In the records below, find the line containing "Cute Chick Coloring Page" and repeat it and every line after it exactly, without pictures.

--- MATERIAL FOR THE TASK Enclosed Below ---

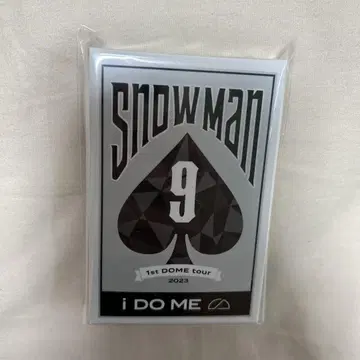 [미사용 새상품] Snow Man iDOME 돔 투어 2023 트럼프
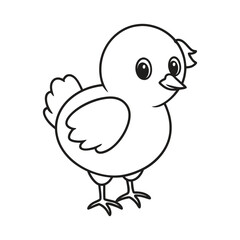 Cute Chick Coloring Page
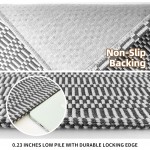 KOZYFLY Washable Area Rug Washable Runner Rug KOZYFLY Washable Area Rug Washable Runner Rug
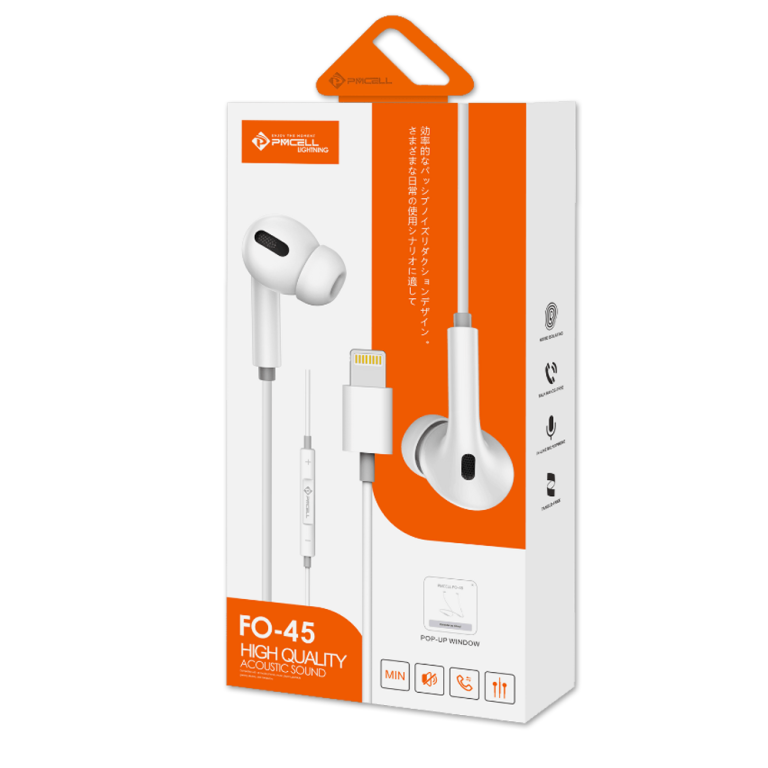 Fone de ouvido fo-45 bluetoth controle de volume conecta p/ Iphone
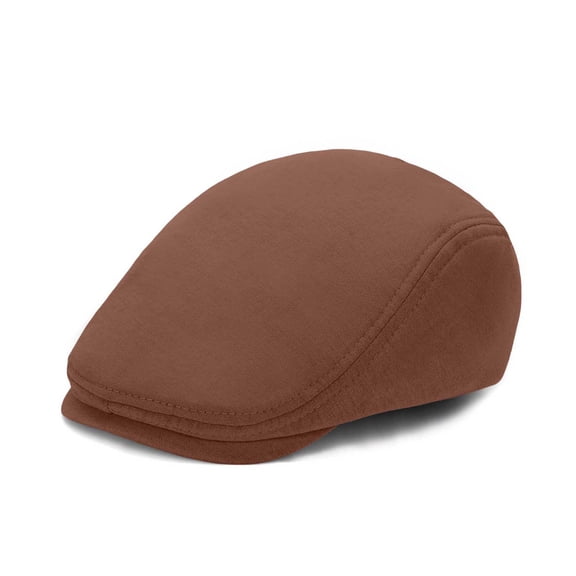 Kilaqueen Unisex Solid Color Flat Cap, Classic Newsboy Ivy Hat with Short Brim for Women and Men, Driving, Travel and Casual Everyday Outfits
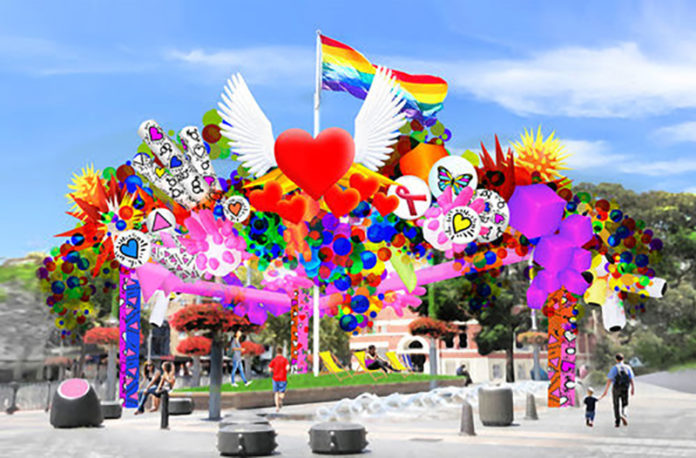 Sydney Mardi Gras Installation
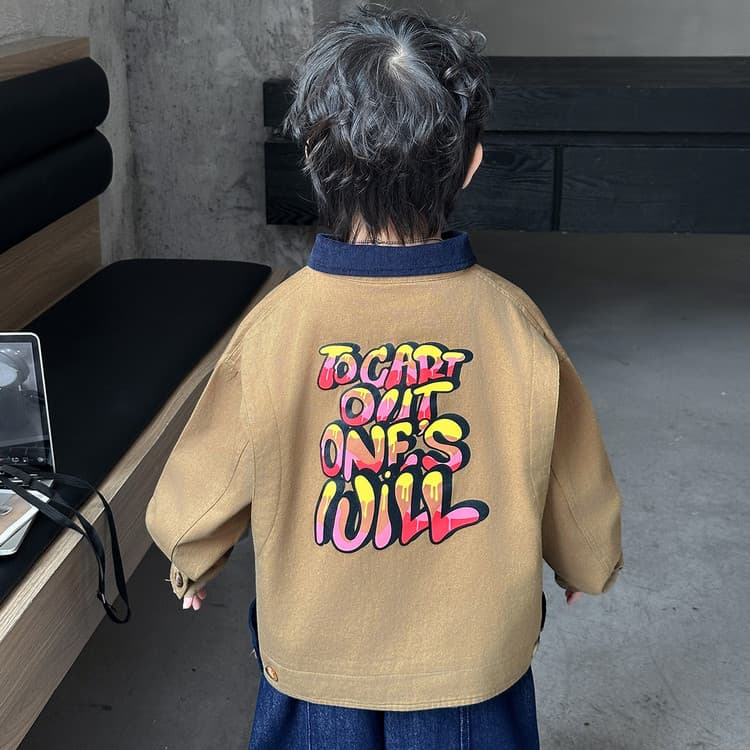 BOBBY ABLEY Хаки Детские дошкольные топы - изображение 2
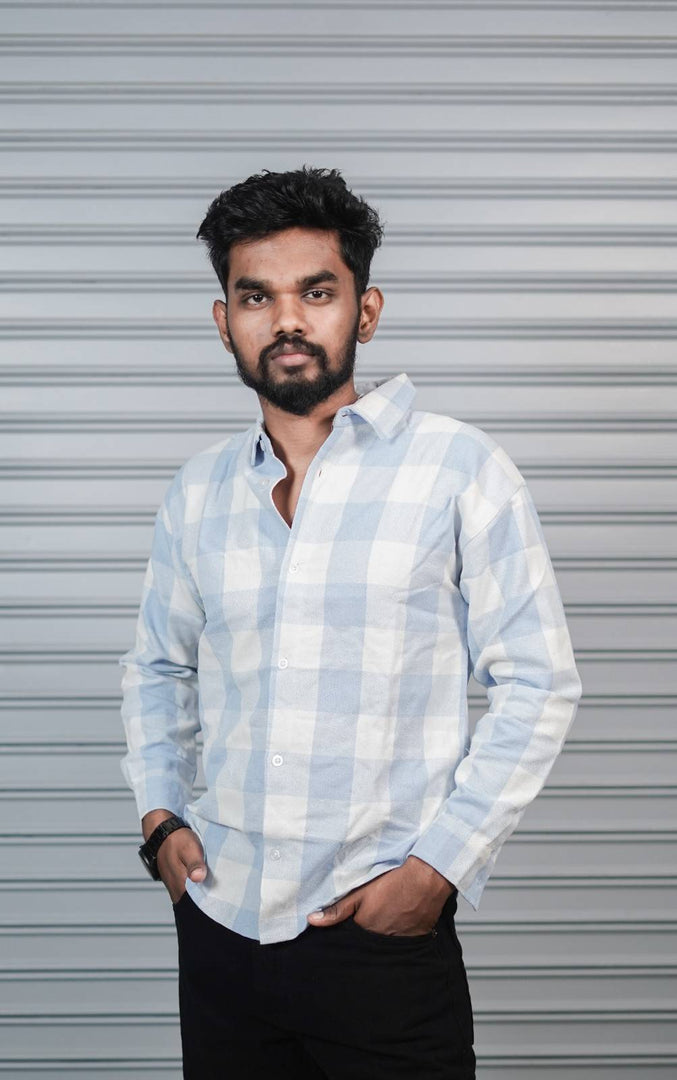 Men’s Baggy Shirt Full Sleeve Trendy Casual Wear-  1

--- End of Enclosed MATERIAL FOR THE TASK ---

→ RESULT FOR THIS TASK:
 Cute Chick Coloring Page
 KOZYFLY Washable Area Rug Washable Runner Rug KOZYFLY Washable Area Rug Washable Runner Rug
 Fone de ouvido fo-45 bluetoth controle de volume conecta p/ Iphone
 Kilaqueen Unisex Solid Color Flat Cap, Classic Newsboy Ivy Hat with Short Brim for Women and Men, Driving, Travel and Casual Everyday Outfits
 Sydney Mardi Gras Installation
 BOBBY ABLEY Хаки Детские дошкольные топы - изображение 2
 Men’s Baggy Shirt Full Sleeve Trendy Casual Wear-  1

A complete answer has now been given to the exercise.